Bryan Johnson Eats This Treat Every Day. Should You?

The internet’s infamous tech mogul turned anti-aging guru is determined to live forever, and says eating chocolate everyday is helping him do it. Here’s what an expert thinks.

In his most recent YouTube video, health and fitness enthusiast Bryan Johnson shared that he eats chocolate every single day as a part of his efforts to stay young.

In the video, which has garnered over 650k views, Johnson advises his followers to take his advice and adopt his daily chocolate habit — though he emphasizes that he’s not referring to any old chocolate bar.

Instead, Johnson recommends eating cocoa in its purest form, touting its many benefits for brain and heart health.

Amy Reichelt, Ph.D., a nutritional neuroscientist and the chief innovation officer at PurMinds Neuropharma, tells Healthnews that eating cocoa can benefit your health, but it all depends on the kind of cocoa you purchase.

“If people want to try eating small amounts of high-quality cocoa, then it is their choice, and it would likely be a more healthy snack than a sugar-laden standard chocolate bar,” Reichelt says. “Worst case, it could just be a very expensive and bitter chocolate experience.”

The benefits of pure cocoa

According to Reichelt, cocoa, in its pure form, contains bioactive compounds, especially flavonoids. These flavonoids, which include flavanols and epicatechin, are antioxidants.

“Antioxidants help neutralize free radicals generated in cells in the body or from environmental exposure, reducing levels of oxidative stress and inflammation, which are linked to various chronic diseases such as heart disease and cancer,” she explains.

In lab studies, flavonoids have been shown to preserve cognitive abilities in aging rats. They’ve also been shown to have positive effects on both the cardiovascular system and cerebral blood flow, which may enhance brain function.

The U.S. Food and Drug Administration (FDA) acknowledges the heart health benefit, stating that very limited scientific evidence suggests that consuming cocoa flavanols in high flavanol cocoa powder may reduce the risk of cardiovascular disease.

Cocoa also contains small levels of compounds, including tryptophan, phenylethylamine, tyrosine, tryptamine, and tyramine.

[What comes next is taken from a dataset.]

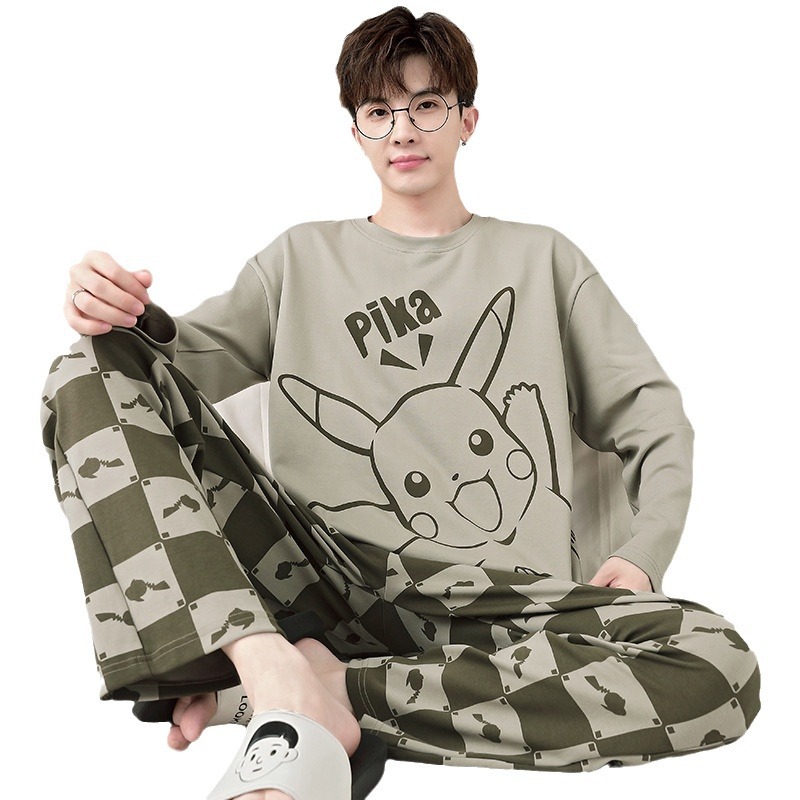 Algodón pijama hombre primavera/otoño 2024 nuevo estilo manga larga slim otoño/invierno niños disponible fuera adolescente tallas grandes ropa de hogar Item Picture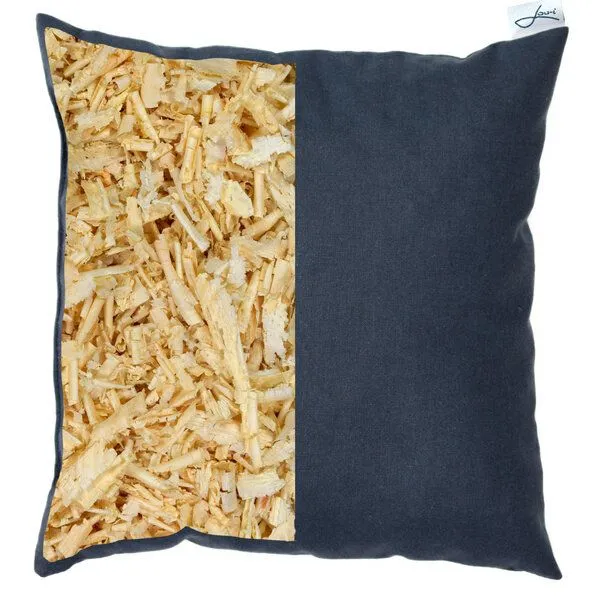 Lou-i Lou-i Zirbenkissen bio Baumwolle Made in Germany Frischer, angenehmer Zirbenholzduft, Baumwolle blau, – Produktbild 4 von 4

These compounds can act as central nervous system stimulants or as the building blocks of some neurotransmitters that may enhance mood when consumed, especially alongside a little caffeine, which can act as a cognitive pick-me-up, Reichelt says.

But it’s important to note that these health claims are based on high-flavanol containing cocoa, not your average bar of chocolate or cooking cocoa powder, she says.

“For any possible health benefits, the cocoa should have at least 4% cocoa flavanols,” Reichelt explains. “The best way of getting cocoa flavanols is through cocoa powder that is as natural as possible and has not been processed through the Dutch method, which reduces the content of flavanols.”

Johnson sells his own form of 100% pure cocoa on his Blueprint website for $49. He says the company makes sure to retain the cocoa's natural acidity and is tested for contaminants like lead and cadmium.

Bryan Johnson's anti-aging advice may not be for everyone

While Johnson’s recommendation may have some weight behind it, Reichelt says it’s important to take all health and diet advice with a grain of salt, as nutrition is deeply personal and not one-size-fits-all.

“Seeing people touting diets that helped them lose weight, improve their skin, or gain muscle should be taken lightly, as everyone has different metabolic demands, food preferences and intolerances, and levels of activity,” she says.

Plus, she adds that eating large amounts of one or two foods over a long period instead of eating a balanced diet can lead to nutritional deficiencies.

So while Johnson's precise habits may be a little extreme for the average person, adding a little pure cocoa into your life couldn’t hurt too much, Reichelt says — just don’t expect it to taste like a Hersey’s Bar.